Brief descriptive captions
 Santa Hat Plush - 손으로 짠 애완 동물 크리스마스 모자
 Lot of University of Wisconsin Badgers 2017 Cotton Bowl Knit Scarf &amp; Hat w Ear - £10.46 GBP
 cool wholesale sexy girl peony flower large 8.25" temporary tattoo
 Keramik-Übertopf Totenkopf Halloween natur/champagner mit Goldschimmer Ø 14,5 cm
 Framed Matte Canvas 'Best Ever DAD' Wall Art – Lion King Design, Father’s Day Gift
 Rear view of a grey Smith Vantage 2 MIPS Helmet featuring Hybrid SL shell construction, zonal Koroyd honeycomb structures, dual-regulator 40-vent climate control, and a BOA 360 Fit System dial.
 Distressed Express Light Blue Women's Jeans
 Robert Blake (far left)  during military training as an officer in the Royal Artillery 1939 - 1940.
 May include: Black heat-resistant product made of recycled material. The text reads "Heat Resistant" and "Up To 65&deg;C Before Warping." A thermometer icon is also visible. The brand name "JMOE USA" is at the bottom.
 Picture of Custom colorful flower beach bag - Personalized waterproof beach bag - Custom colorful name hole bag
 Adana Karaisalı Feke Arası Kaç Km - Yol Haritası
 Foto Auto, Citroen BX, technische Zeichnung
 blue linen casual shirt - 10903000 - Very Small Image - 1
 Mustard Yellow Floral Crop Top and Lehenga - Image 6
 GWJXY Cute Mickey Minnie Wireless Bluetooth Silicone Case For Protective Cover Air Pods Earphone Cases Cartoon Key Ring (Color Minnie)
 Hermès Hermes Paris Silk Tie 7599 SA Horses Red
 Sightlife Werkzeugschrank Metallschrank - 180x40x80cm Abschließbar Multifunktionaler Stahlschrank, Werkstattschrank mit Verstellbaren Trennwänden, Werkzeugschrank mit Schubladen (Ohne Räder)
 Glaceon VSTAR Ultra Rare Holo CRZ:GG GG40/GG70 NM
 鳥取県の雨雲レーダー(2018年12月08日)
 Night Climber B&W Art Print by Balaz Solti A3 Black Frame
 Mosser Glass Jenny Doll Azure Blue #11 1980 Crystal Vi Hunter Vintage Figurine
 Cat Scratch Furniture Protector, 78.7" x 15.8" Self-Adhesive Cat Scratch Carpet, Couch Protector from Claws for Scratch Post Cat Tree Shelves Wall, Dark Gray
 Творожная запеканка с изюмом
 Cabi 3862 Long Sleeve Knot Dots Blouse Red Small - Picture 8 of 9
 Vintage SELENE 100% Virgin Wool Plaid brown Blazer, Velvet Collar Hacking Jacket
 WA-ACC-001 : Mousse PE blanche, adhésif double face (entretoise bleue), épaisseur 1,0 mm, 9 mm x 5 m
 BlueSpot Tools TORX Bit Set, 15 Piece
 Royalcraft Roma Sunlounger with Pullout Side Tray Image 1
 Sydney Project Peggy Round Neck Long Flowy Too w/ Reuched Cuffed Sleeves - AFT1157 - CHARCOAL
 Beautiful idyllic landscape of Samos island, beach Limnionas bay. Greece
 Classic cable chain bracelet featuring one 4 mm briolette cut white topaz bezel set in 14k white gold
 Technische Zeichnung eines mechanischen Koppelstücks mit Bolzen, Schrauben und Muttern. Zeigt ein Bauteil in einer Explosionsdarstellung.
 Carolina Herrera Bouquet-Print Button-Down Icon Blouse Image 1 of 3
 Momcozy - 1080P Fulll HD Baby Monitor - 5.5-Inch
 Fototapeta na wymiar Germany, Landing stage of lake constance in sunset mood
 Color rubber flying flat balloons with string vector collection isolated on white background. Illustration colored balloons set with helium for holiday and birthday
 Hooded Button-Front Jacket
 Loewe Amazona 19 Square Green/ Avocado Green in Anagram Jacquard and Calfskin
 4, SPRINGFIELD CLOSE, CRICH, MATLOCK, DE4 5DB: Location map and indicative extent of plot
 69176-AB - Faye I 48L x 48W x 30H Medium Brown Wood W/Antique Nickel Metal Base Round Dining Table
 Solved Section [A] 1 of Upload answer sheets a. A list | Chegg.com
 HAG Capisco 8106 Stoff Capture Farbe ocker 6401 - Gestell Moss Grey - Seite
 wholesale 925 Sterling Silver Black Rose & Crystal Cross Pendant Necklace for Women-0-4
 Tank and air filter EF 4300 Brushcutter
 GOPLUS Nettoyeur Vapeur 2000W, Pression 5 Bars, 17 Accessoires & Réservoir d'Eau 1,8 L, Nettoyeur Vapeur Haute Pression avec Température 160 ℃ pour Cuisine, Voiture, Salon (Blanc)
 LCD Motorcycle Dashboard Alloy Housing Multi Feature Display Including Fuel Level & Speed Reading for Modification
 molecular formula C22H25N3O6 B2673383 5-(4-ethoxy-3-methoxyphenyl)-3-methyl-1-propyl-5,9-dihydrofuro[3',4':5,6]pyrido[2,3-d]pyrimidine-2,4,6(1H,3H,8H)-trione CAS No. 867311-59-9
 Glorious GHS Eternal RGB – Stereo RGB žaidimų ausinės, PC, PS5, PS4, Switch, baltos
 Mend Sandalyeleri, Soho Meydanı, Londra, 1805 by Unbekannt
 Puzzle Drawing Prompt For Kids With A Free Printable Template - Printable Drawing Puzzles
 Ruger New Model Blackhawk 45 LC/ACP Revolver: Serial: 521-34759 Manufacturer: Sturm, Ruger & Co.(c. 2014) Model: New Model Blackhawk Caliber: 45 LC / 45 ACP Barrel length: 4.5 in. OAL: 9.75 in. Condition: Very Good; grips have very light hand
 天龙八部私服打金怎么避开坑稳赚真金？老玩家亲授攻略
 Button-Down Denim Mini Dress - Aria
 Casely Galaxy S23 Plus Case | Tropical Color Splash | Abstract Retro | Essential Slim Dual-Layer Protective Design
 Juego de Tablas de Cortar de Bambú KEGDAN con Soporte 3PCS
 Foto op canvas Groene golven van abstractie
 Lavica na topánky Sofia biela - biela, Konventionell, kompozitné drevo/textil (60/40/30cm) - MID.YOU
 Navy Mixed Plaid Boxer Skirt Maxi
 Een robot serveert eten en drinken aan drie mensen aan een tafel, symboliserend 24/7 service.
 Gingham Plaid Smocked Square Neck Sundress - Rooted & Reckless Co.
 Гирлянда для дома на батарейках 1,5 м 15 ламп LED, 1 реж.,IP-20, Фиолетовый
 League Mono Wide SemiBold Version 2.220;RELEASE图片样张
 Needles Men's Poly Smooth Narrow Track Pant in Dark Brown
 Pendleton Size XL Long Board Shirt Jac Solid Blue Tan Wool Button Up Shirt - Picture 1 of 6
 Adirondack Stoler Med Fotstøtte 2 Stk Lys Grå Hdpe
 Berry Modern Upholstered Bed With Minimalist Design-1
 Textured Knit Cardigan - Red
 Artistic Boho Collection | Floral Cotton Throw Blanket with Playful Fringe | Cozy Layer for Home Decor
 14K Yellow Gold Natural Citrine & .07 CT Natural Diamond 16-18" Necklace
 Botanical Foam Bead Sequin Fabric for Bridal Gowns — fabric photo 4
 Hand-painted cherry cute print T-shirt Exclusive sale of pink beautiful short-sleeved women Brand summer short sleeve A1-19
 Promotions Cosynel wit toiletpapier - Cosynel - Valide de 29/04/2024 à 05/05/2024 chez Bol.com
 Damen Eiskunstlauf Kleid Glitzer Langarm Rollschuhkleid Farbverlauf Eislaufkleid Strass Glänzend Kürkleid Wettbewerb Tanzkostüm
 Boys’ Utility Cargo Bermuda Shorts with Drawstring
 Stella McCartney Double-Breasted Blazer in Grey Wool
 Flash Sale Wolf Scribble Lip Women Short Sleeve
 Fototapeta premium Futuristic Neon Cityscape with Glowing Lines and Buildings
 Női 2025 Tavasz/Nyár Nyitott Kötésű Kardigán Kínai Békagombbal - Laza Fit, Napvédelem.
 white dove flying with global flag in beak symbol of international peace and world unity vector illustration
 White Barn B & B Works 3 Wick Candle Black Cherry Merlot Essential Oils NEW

* [PROMPT]: One number is the whole answer: how many lines in the records contain "Blazer".

* [ANSWER BELOW]: 2